§ Exercise objective
Where an image appears, leave it out; otherwise repeat the data exactly.

§ Data below
---+---
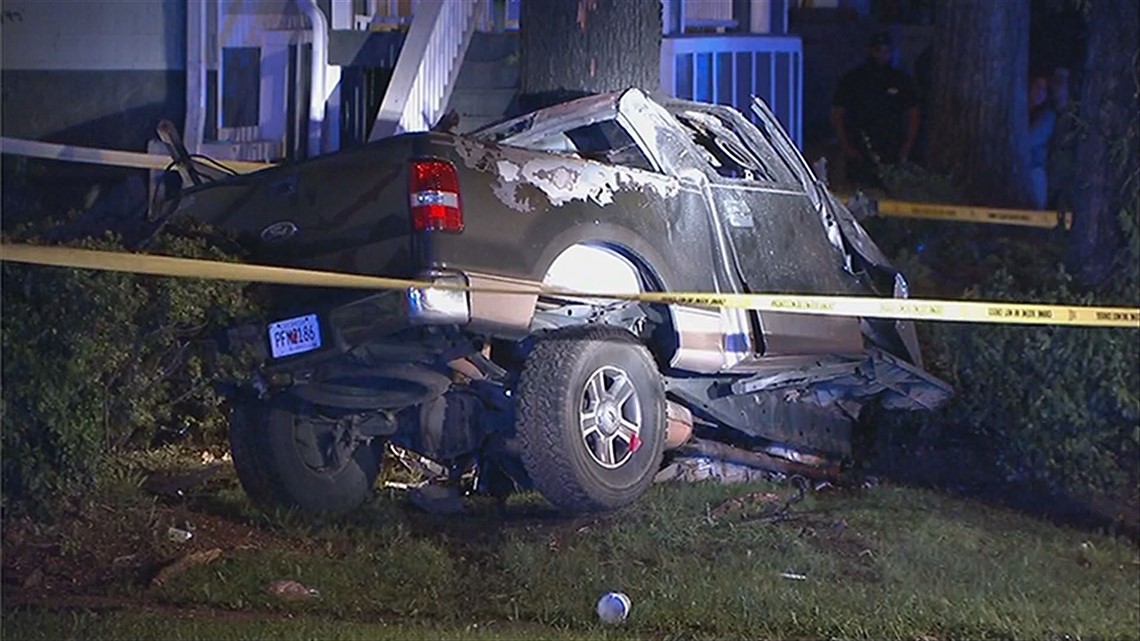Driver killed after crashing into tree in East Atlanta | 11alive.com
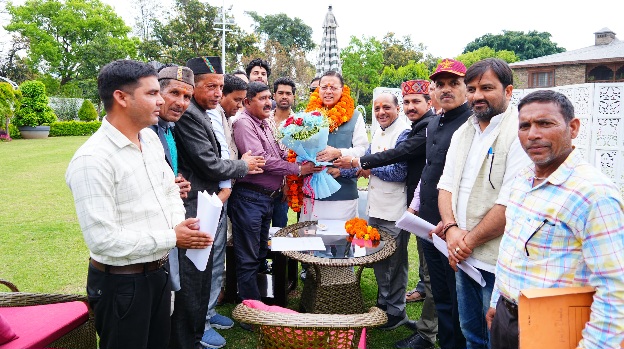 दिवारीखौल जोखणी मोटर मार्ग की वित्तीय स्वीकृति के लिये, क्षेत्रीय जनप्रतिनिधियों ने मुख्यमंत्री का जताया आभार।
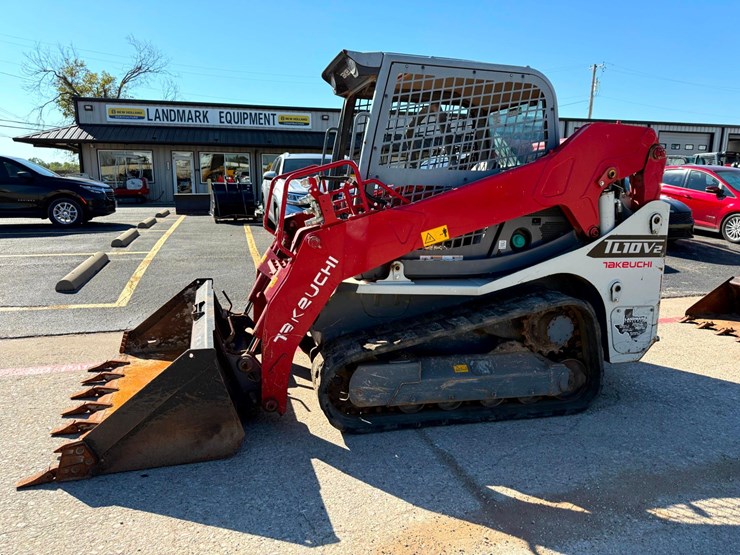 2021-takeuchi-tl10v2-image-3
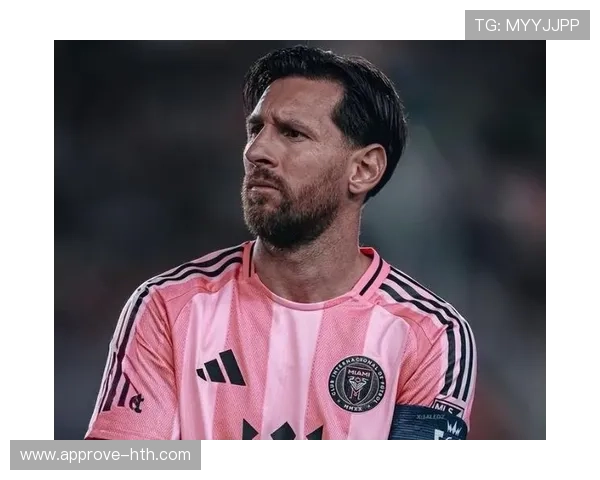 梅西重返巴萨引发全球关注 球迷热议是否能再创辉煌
---+---
§ Output of the task
Driver killed after crashing into tree in East Atlanta | 11alive.com
 दिवारीखौल जोखणी मोटर मार्ग की वित्तीय स्वीकृति के लिये, क्षेत्रीय जनप्रतिनिधियों ने मुख्यमंत्री का जताया आभार।
 2021-takeuchi-tl10v2-image-3
 梅西重返巴萨引发全球关注 球迷热议是否能再创辉煌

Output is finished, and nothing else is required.